Penn's police training is faulted


The force gets only sporadic training to prevent racial profiling, said a group formed after an October incident.


By James M. O'Neill


Inquirer Staff Writer

University of Pennsylvania police receive only sporadic training to prevent racial profiling, and the training material reinforces racial stereotypes rather than sensitizing officers to stay clear of them, a new Penn report has concluded.

Yesterday's report also found that African Americans are stopped more than others by Penn police, but the report's authors said they lacked key data to determine whether racial profiling was the root cause.

Among those stopped, the proportion receiving citations is "remarkably similar across ethnic groups," the report found.

The study was issued by a group of Penn professors and officials formed in October after a Penn professor's husband, who is African American, had been stopped, pepper-sprayed and arrested while carrying two bicycles on a campus sidewalk. The bikes were his. A disorderly conduct charge filed against him was later dropped.

"I'm pleased they came up with something substantive," said Ann Farnsworth-Alvear, the professor whose husband, Rui DaSilva, was arrested Oct. 11. "It's clear that when they saw the training material, they saw areas that needed improvement."

The report says that although Penn police department policies call for annual training to prevent racial profiling, training was offered in 2001, and not again until this January.

And although the training met national standards, the report deemed it severely flawed.

"Stereotyping that the... policy is intended to discourage was inadvertently being taught to officers," the report stated. "Minority groups were distinguished from each other on the basis of stereotypic behaviors, communication styles, potentials for violence, and attitudes toward authority.

"Officers were further instructed to use different styles of communication depending on persons' ethnic background; a practice which... could violate the bias based profiling policy, and is in any case contrary to the spirit of the policy."

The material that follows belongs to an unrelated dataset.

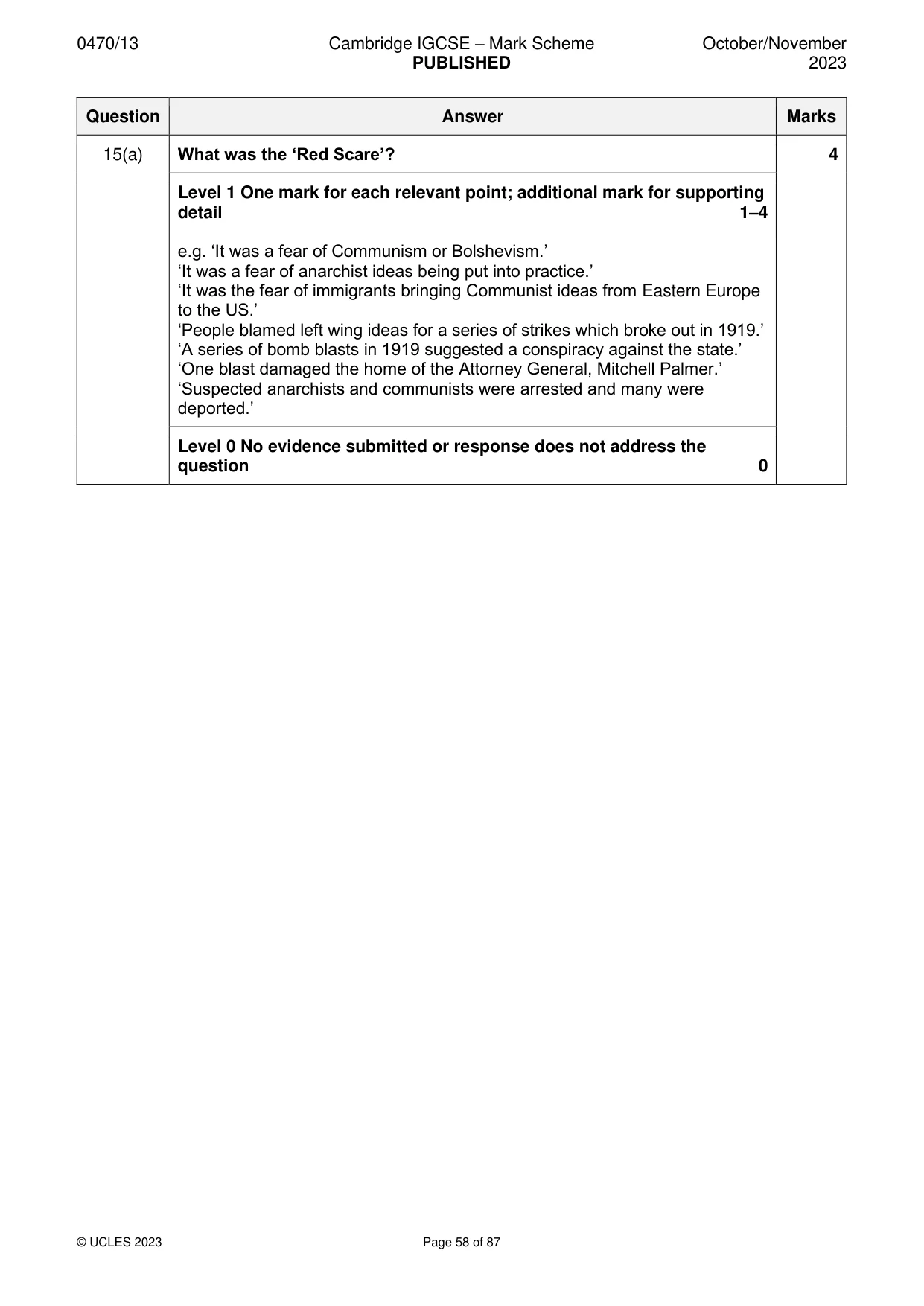 Mark scheme, page 58 of 87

The committee chose not to include the training material in its report for fear that it might be used out of context, said Dennis Culhane, the committee chair and chair of Penn's psychiatry department.

Maureen Rush, Penn's vice president for public safety, said Penn would create a committee to improve training and to create a five-year training plan.

She also said the department was assembling a brochure to offer "detailed suggestions for citizens on how to react to interactions" with police officers.

Rush will also implement other report recommendations - an annual review of data on Penn police stops, citations, arrests and searches, to check for racial bias; and a monthly review by the police chief of each officer's stops.

The committee made no conclusions about blame in the incident involving DaSilva. Culhane said the committee was not charged by Penn to discern blame and had no legal authority to take testimony.

He said the committee interviewed DaSilva and a friend present at the arrest and reviewed a video surveillance tape that recorded the incident. The group reviewed the police officer's report on the arrest, as well as a superior's interview with the officer.

The committee asked to interview the police officer directly, but Culhane said Penn police denied the request because the police union contract bars such questioning of police.